CONSUMERS have the power to stop cruel factory farming, Animals Australia says.

In Adelaide last night for a sold-out event at the Town Hall, campaign director Lyn White announced plans for her biggest and most ambitious campaign yet, AdelaideNow reports. 

Following last year's successful campaign against the live export trade, which began with a powerful expose on ABC TV, Australians can expect to hear more from the lobby group.

"What last year showed us, after (ABC program) Four Corners, was that Australians in the vast majority are appalled by animal cruelty and won't knowingly support it," Ms White said.

"So we have high hopes that when we highlight some of the welfare issues in intense production systems that consumers will vote with their choices at the supermarket."

Consumers can make informed choices, supporting ethical producers while avoiding products from those who put profit before animal well-being.

The focus is on laying hens, chickens raised for meat and pigs.

Animals Australia says:

DESPITE the battery cage's being banned through the European Union on the basis of unacceptable cruelty, 12 million egg-laying hens remain confined to battery cages in Australia.

BRED to grow at three times their natural rate and buckling under their own weight, 20 million meat chickens die in factory farms each year.

MORE than 200,000 sows are kept in tiny crates for their entire four-month pregnancy, only to be moved to even smaller crates when piglets are weaned.

SURGICAL procedures such as tail-docking, tooth-cutting, castration, dehorning and debeaking are performed on farm animals, without pain relief.

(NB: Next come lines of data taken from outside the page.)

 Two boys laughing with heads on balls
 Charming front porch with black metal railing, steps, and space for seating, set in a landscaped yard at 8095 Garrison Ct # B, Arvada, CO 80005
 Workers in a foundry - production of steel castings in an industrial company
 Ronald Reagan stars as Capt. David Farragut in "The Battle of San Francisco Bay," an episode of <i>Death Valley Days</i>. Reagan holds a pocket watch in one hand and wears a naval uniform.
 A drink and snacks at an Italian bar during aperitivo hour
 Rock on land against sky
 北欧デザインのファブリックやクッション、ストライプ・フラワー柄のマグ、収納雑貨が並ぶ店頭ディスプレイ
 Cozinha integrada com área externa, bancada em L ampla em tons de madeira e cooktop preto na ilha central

Australia was falling behind the rest of the Western world on animal welfare because there is a conflict of interest in having the issue sit within the agriculture portfolio, Ms White said.

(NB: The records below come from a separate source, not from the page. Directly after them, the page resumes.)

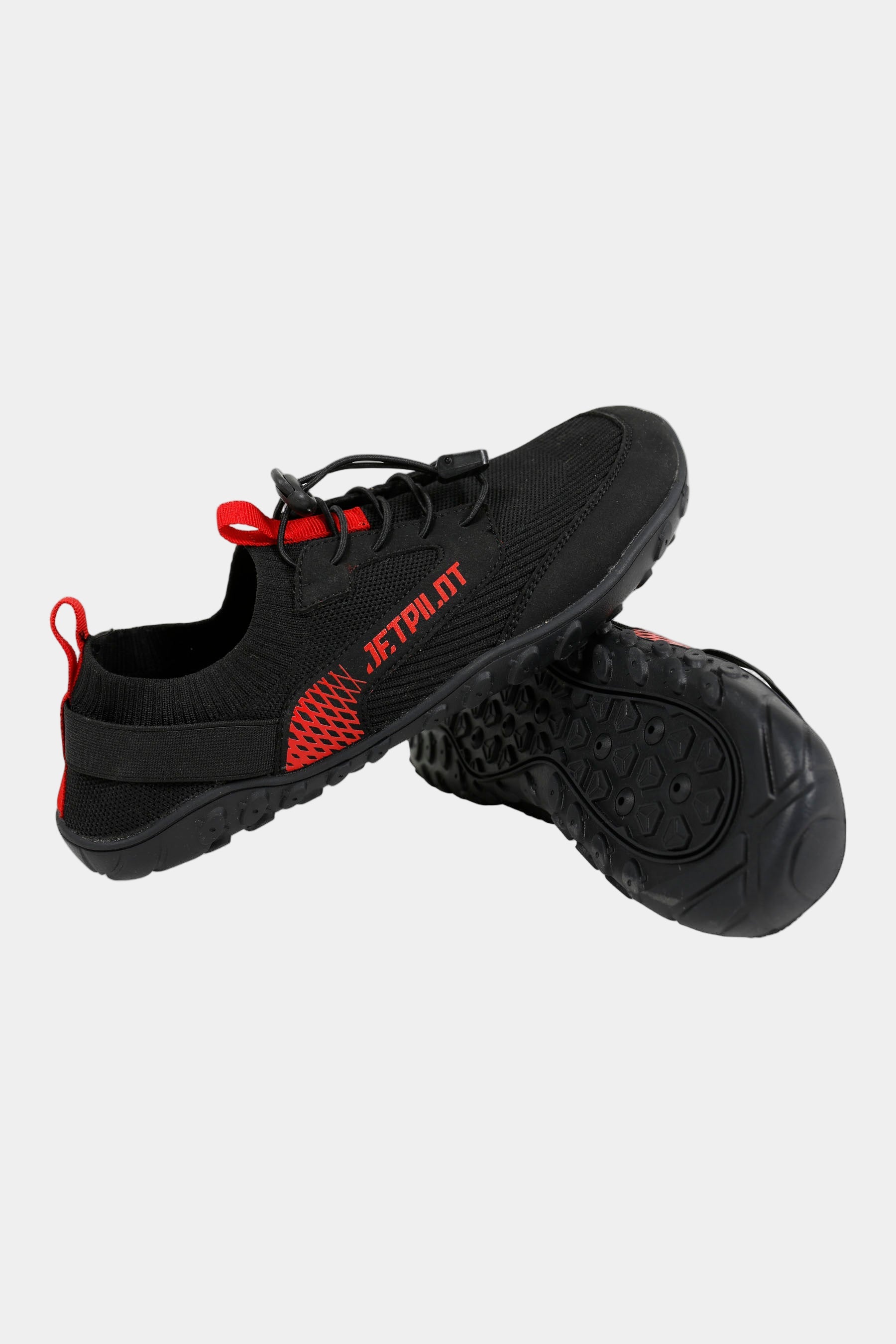 Black and red watersports reef shoes with 'JETPILOT' branding on a light gray background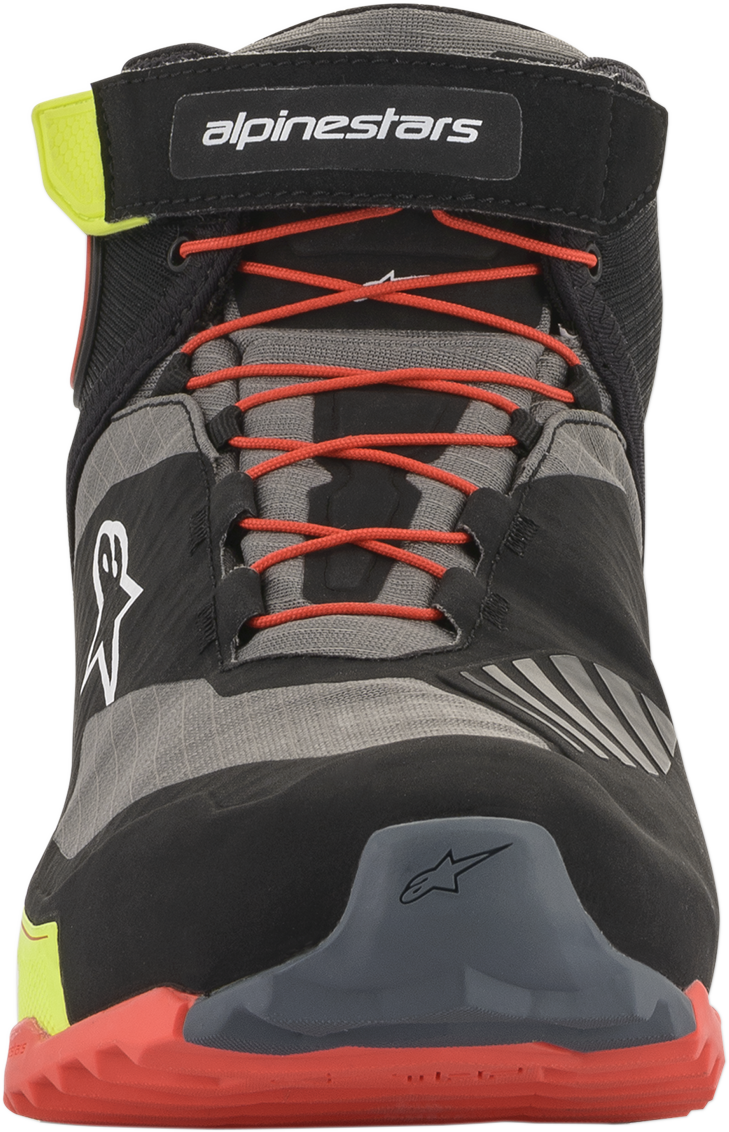 Alpinestars CR-X Drystar® motorcycle shoes in black, red, and yellow fluorescent with weather protection and comfort features.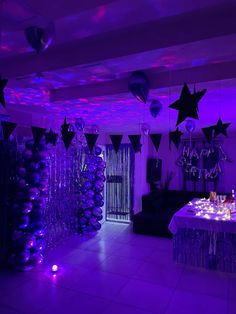 a party room with purple lighting and balloons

She said farm production animals were denied many of the legal protections afforded to companion animals, simply because commercial interests are put ahead of the interests of the animal.

This discrimination doesn't make sense given all animals, whether considered friends or food, have the same capacity to suffer.

South Australian Farmers' Federation president Peter White said standards had improved in recent years, in line with community expectations, but there was a limit to what could be done at the farmers' expense.

"If producers can't make money out of growing food they won't do it," he said.

"It depends on the public.

"If they demand a certain level (of animal welfare) they have to be prepared to pay for it, because it will cost extra."